400K and counting
Christians recoil at explosive growth of frozen human embryos
Bob Smietana | posted 7/01/2003 12:00AM
After three years of trying to conceive a child, Michele and Jeff Turner learned they were infertile. "Our doctor told us, 'You have a better chance of winning the Powerball lottery than of conceiving a child naturally,'" said Michele, now 33.
In vitro fertilization (IVF), or seeking to produce an embryo outside the womb, was also a long shot. After two failed IVF attempts, the Turners looked into adopting a child and raising a family in their Royer's Ford, Pennsylvania home. The cost (more than $20,000 in their area) was prohibitive.

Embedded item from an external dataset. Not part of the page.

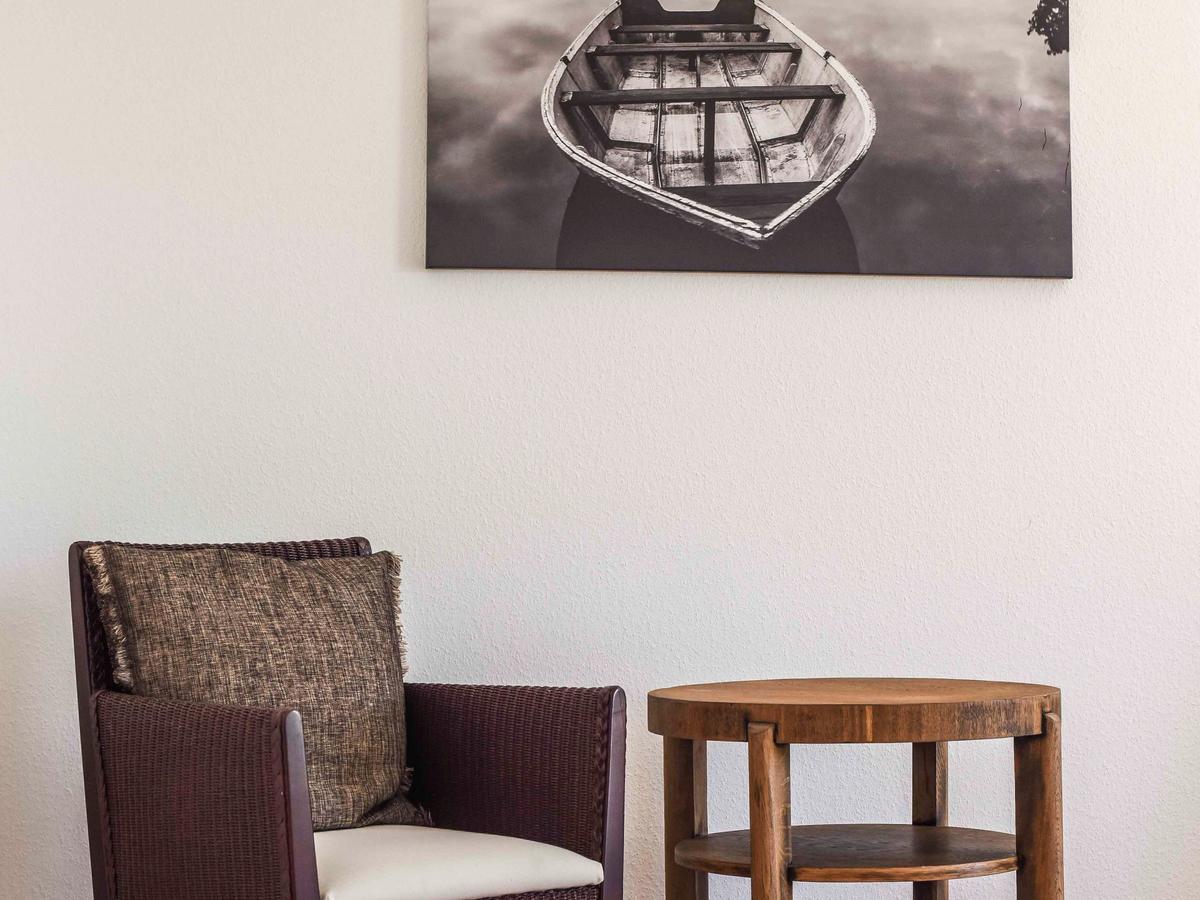 Ferienwohnung Im Weiler Winterlingen Екстериор снимка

Then, during a meeting of a national infertility support group, they heard about frozen embryos left from infertility treatments.
After contacting about 40 fertility clinics, the Turners joined an embryo donation program at the Cooper Institute for Reproductive Medicine in Mont Clare, New Jersey. Later, they received embryos from a donor family. In December 1999, Michele gave birth to twin daughters, Morgan and Macy.
Then, when their daughters were nine months old, Jeff and Michele discovered she was pregnant with a son, Myles, who was conceived naturally. They had to relinquish their rights to some remaining donated embryos, which were considered property of the clinic.
"It was an excruciating thing to do," Michele said.
A new study, by the Society for Assisted Reproductive Technology and the RAND Corporation, found that fertility clinics in the United State have nearly 400,000 frozen human embryos in storage—twice the highest previous estimate.
The survey of 430 clinics showed that 88.2 percent of the embryos are being stored for possible future use. About 11,000 are set aside for scientific research. About 9,000 are designated for infertile couples. Another 9,000 will be thawed and destroyed.
The findings have prompted a variety of responses from Christian activists and ethicists, from questioning IVF to pushing harder for embryo adoption. But most would agree with Pia de Solenni, a fellow at the Center for Human Life and Bioethics at Family Research Council: "Human beings are never disposable, whether [in the form of] an embryo, a baby, or a 90-year-old woman."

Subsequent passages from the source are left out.